Other witnesses testified in the months before the bombing that McVeigh contacted them looking for bomb components, and Eldon Elliott, who owns an auto body shop in Junction City, Kansas, said he had no doubt that a man who identified himself as Robert Kling and rented a Ryder truck several days before the bombing was, in fact, Timothy McVeigh. His sister, Jennifer, said six months before the bombing her brother had told her that he was taking his hatred of the government for its role at Waco from the propaganda stage to the action stage.
The government’s two star witnesses were a married couple, Laurie and Michael Fortier, close friends of McVeigh’s. Laurie Fortier told the jury that McVeigh showed her how he intended to build a bomb to blow up the federal building in Oklahoma City. Testifying under immunity from prosecution, she described how McVeigh got out soup cans and arranged them the way the barrels would be in the truck, but when defense attorney Stephen Jones cross-examined her for three hours, she admitted she was a drug user and said she had repeatedly lied about McVeigh until she faced legal action from the FBI. Jones asked, “All you had to do to prevent death for these 168 people was to pick up the telephone?” Fortier: “Yes.” Jones: “And you did not do that, did you?” Fortier: “No.”

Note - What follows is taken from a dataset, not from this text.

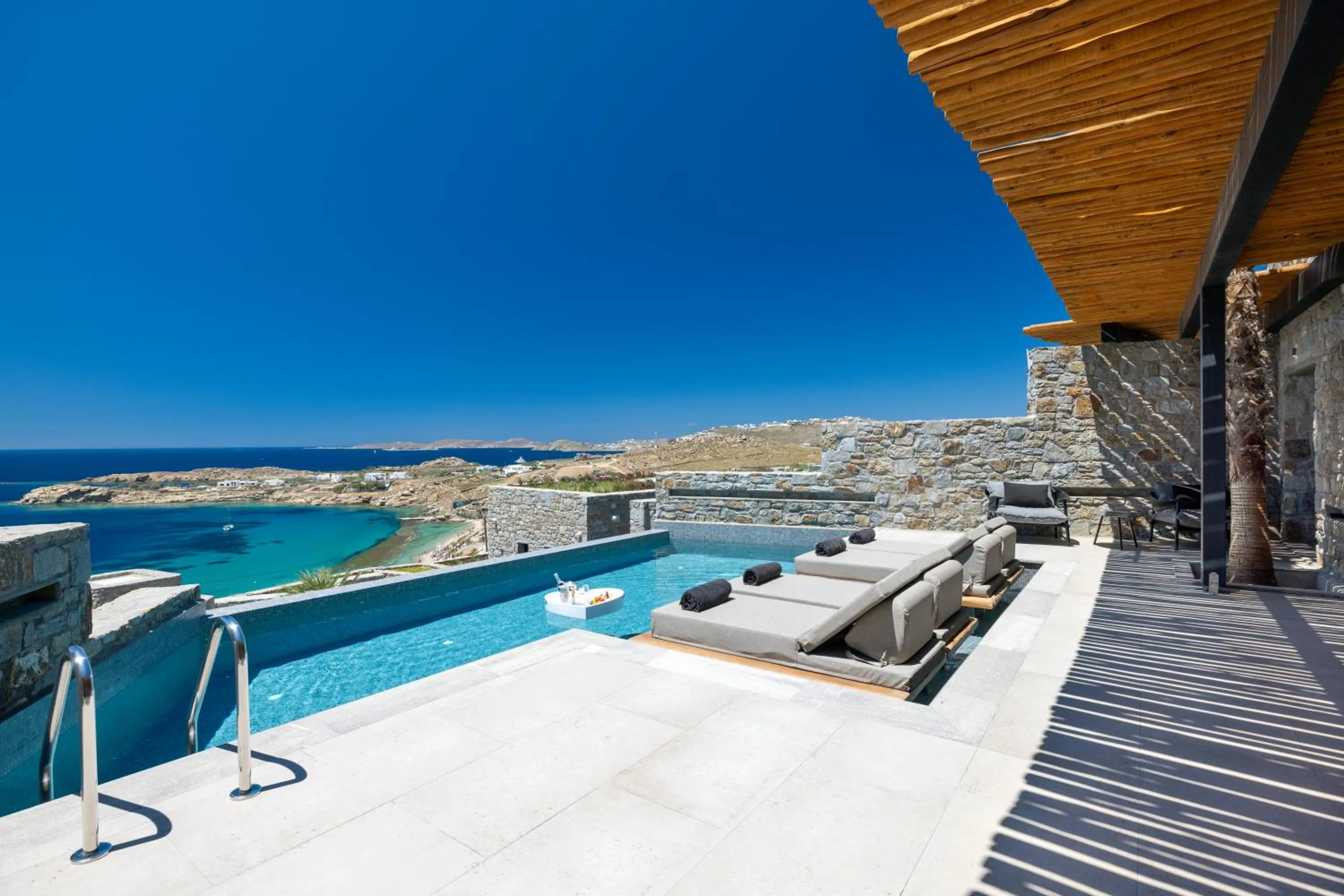 View (from property/room) in Tropicana Hotel , Suites & Villas Mykonos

Michael Fortier, a former army buddy and friend of McVeigh’s for nine years, described how he and the defendant drove to Oklahoma City and surveyed the Murrah Building four months before the bombing. Fortier said McVeigh showed him where he planned to park his getaway car. And he said McVeigh justified killing innocent people because they were storm troopers for the federal government, guilty by association for the deaths at Waco. Like his wife, Fortier said under cross-examination that he had lied about McVeigh because he was scared and he admitted he had used drugs. The defense suggested the couple made up their stories in order to get reduced sentences. Michael Fortier faces up to 23 years in prison, but the government can reduce his sentence for his cooperation. The defense will begin its case tomorrow and is expected to call some 40 witnesses.